Posted in Whathaveyou on November 27th, 2012 by JJ Koczan

More big things to come from desert-by-way-of-Paris (which is the way to go if you’re gonna go) rockers Blaak Heat Shujaa. The band have announced that their Tee Pee label debut full-length will be preceded by an EP titled The Storm Generation that’s due out early next month. Waste no time. No doubt their youthful impatience will prove to the benefit of all parties involved.

The PR wire sounds the alert:

Heavy Psychedelic Rock Band BLAAK HEAT SHUJAA to Release New EP “The Storm Generation” on December 11

Los Angeles Trio Completes Work on “Mind Expanding” Sophomore LP

“Heavy Mental” psych rockers BLAAK HEAT SHUJAA will release The Storm Generation, their debut EP for Tee Pee Records on December 11. On The Storm Generation, thick, colorful bass lines coexist with flying reverb guitars, ethereal chants and loud, tribal drums. Produced by Scott Reeder (Kyuss, The Obsessed) in the Mojave desert, the EP features a guest appearance by Nobel Prize-nominated gonzo poet Ron Whitehead, adding even more color to BLAAK HEAT’s signature psychedelia. The EP is a precursor to the band’s new full length The Edge of an Era, which is set for a March 26, 2013 release.

BLAAK HEAT SHUJAA’s enticing blend of genres has been called “a dissonant symphony unveiling visions of great natural expanses” and is unlike anything you’ve likely heard before. The band’s transcendental tension between its heavy rock roots and an organic inclination to drift towards psychedelia pays homage to the vast collection of mind-expanding sounds the trio grew up on: neo-psychedelia, surf rock, spaghetti westerns, Middle Eastern scales and Far Eastern melodies!

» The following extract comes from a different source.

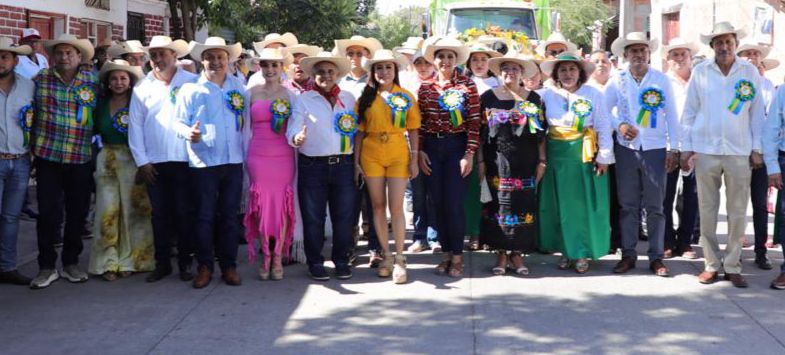 Acude Manuel Añorve como invitado especial a la Feria del Mango en Ajuchitlán, en Tierra Caliente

“We spent all summer at our LA studio working on the new record,” comments BLAAK HEAT SHUJAA guitarist / vocalist Thomas Bellier. “The creative vibe was unbelievable, and the music just kept flowing. Soon we had way more than needed for a full-length record, so we talked to Tee Pee Records about doing an EP before the album, which they agreed to. The EP has something for everyone: hints of surf rock, massive basses, psych solos, shades of metal…it unleashes the uniqueness of the Blaak Heat sound.”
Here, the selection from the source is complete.